For deliveries in towns or within a limited area, a two-horse dray is as cost efficient as a four-tonne van, or so close to being so as makes no difference, according to the most recent study , which was prepared in 1985 for the Shire Horse Society by an economist, Ian Webster, whose data was based on the experience on three of the dozen or so breweries which still keep horses for local distribution.42 Obviously, the actual figures he used are rather old now, but a study today would produce broadly the same result.
Webster assumed that both the van and the dray would travel twelve miles in the course of a working day and distribute eight tonnes of goods on each of 240 days a year. The capital cost of the horses, (£1,100 each) their tack and the dray (£2,600) was less than half that of the van (£9,500), and so cost less in interest. They also cost less in depreciation - the horses were reckoned to have a working life of fourteen years and were written off over that period while the dray, which, as Webster pointed out, could easily serve for 50 years, was depreciated over 25. This gave a total depreciation figure of £274, compared with £1,902 for the van. Maintenance on the dray was much lower than on the van - £331 compared with £1,727 - and its insurance was less too.
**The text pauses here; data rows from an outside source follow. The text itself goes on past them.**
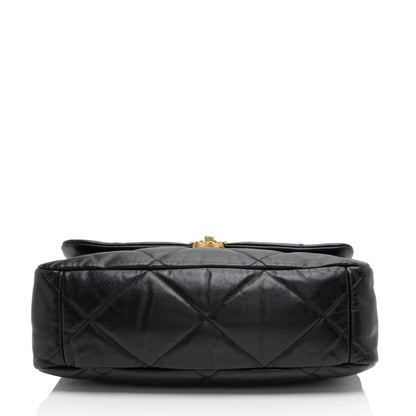 Chanel Lambskin 19 Maxi Flap Shoulder Bag
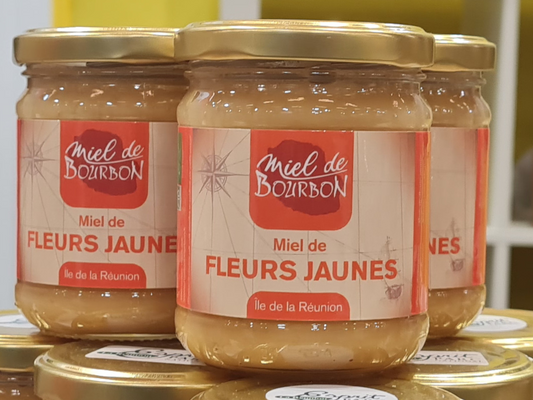 Miel de Bourbon - Miel fleurs jaunes, 250g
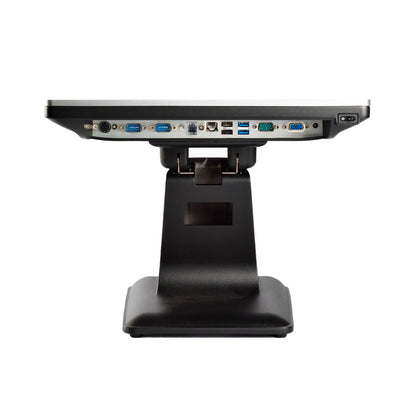 Terminal Punto De Venta Ec Line Ec-vp-1100-256-win, Aio Touch, Negro, 15 Pulgadas, Win 10 Oit Enterprise, Celeron J6412, Ram 8 Gb, 256 Gb Ssd, 4 Usb, Ethernet, Serial, Rj11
The only advantages that could be claimed for the van were that it was cheaper to garage and to fuel, and cost less for labour, because, unlike the horses, it did not have to be fed, watered and mucked-out at weekends. The £1,400 difference in labour costs that this entailed meant that the dray cost £22 a year more to run than the van over the year.
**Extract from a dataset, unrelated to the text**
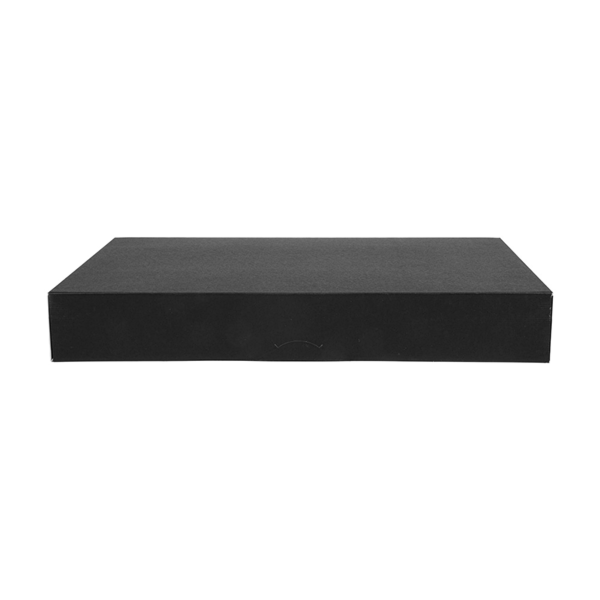 Garcia De Pou CAJAS CATERING PLANA 'THEPACK' 310 G/M2 28x42x6 CM NEGRO CARTÓN ONDULADO NANO-MICRO (100 UNID.)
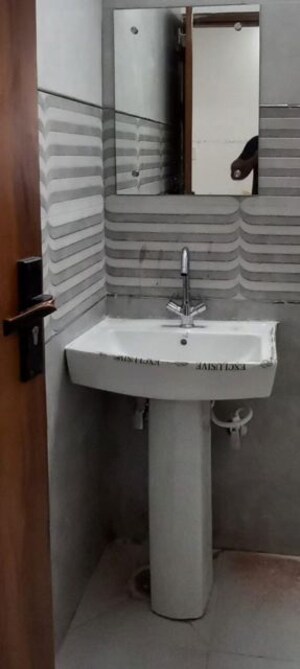 Bathroom in 1 RK Builder Floor at Vipul Square, Sushant Lok I – for Rent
Webster's actual figures were:
| Two-horse dray | Motor van | |
| 1. Stabling or garage | 1,445 | 863 |
| 2. Insurance | 160 | 220 |
| 3. Road tax | - | 130 |
| 4. Wages | 9,369 | 7,969 |
| 5. Depreciation | 274 | 1,902 |
| 6. Interest | 264 | 809 |
| 7. Horsekeep | 2,244 | - |
| 8. Sundries | 212 | - |
| 9. Fuel and oil | - | 487 |
| 10. Tyres | - | 170 |
| 11. Maintenance | 331 | 1,727 |
| TOTALS | 14,299 | 14,277 |
If payments numbered 2, 3, 5, 6, 9, 10 and 11 go largely to recipients outside the community in exchange for the goods and services they supply, the dray is a very much more self-reliant method of transport since only 5.4% of the costs associated with it leave the area compared with 38% for the van.